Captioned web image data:

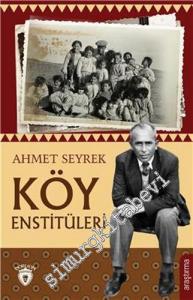 Köy Enstitüleri -        2019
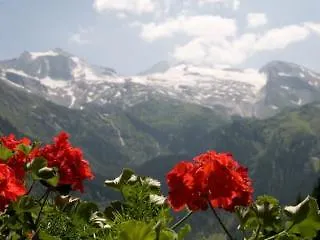 호텔 Berghof Crystal & Sports 턱스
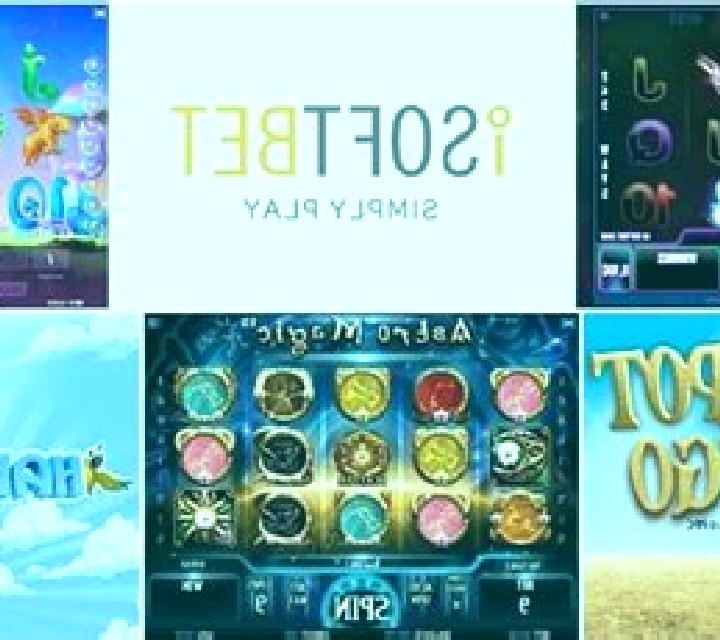 Tens or Better (iSoftBet) online slot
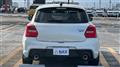 2025 Suzuki Swift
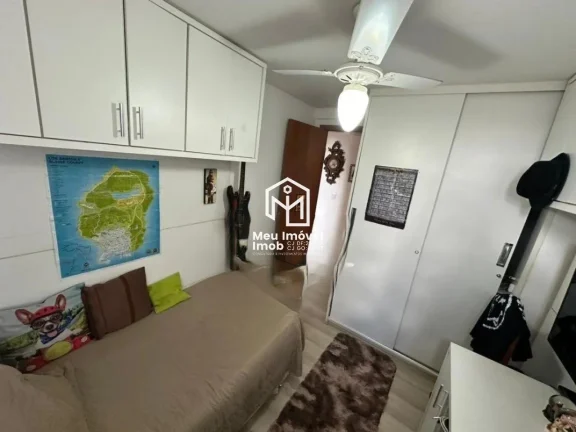 Imagem Apartamento Duplex 3 Quartos Suíte 2 Vgas 267m² Águas Claras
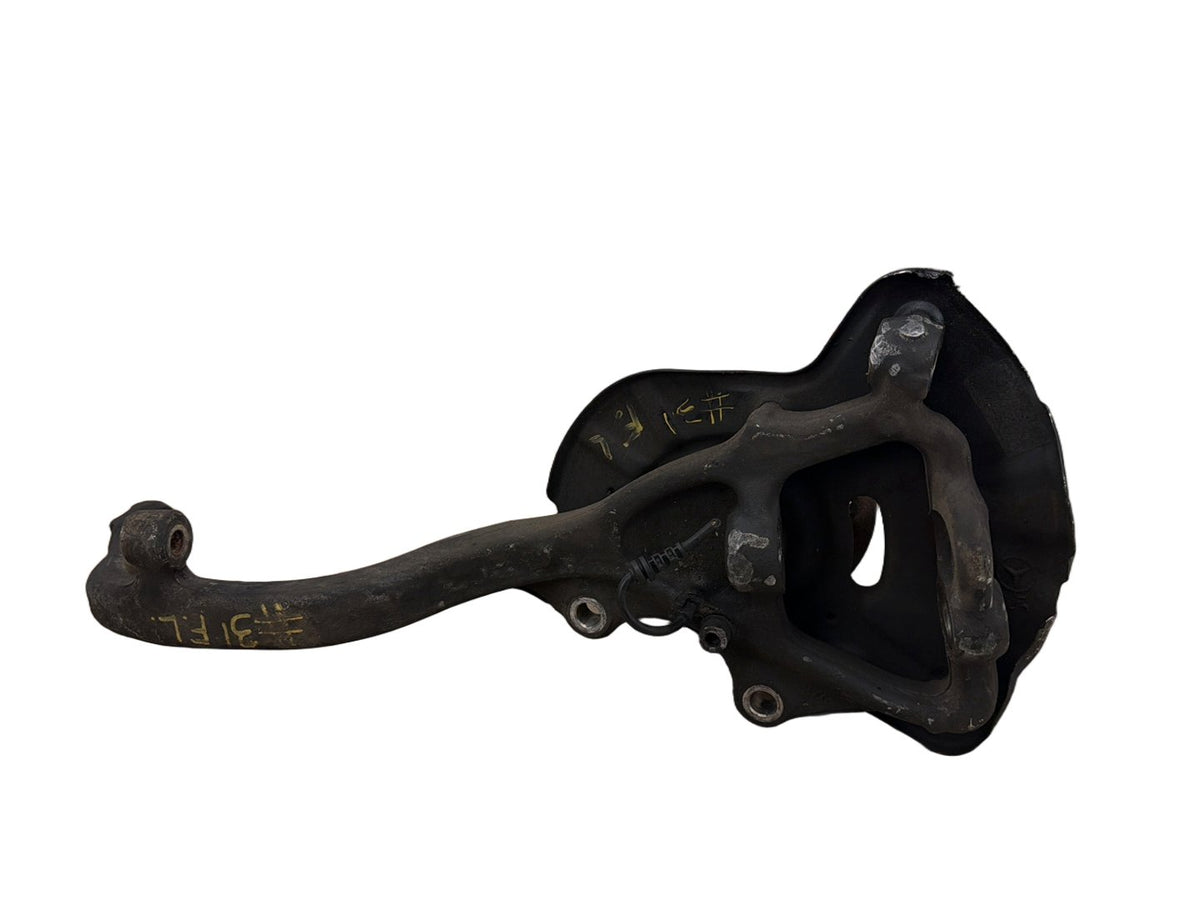 2007-2013 Mercedes-Benz S-Class S550 W221 Left Front Spindle OEM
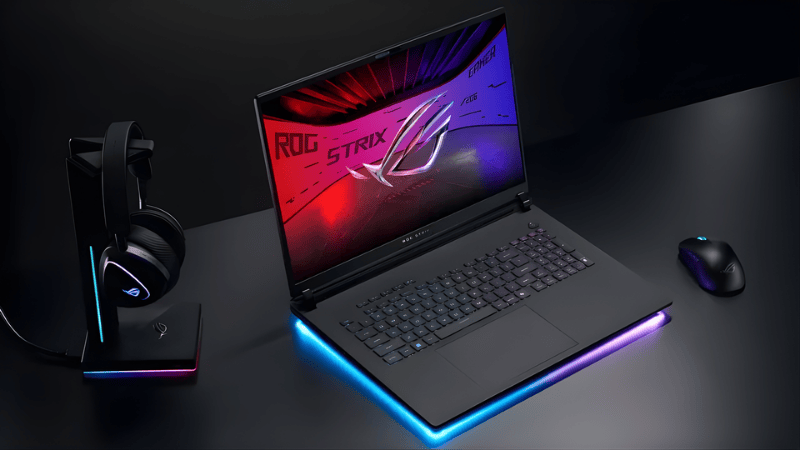 Laptop gaming dưới 25 triệu đáng mua nhất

**Problem details**
Set down the entries above word for word, but drop any image.

**Answer for this exercise**
 Köy Enstitüleri -        2019
 호텔 Berghof Crystal & Sports 턱스
 Tens or Better (iSoftBet) online slot
 2025 Suzuki Swift
 Imagem Apartamento Duplex 3 Quartos Suíte 2 Vgas 267m² Águas Claras
 2007-2013 Mercedes-Benz S-Class S550 W221 Left Front Spindle OEM
 Laptop gaming dưới 25 triệu đáng mua nhất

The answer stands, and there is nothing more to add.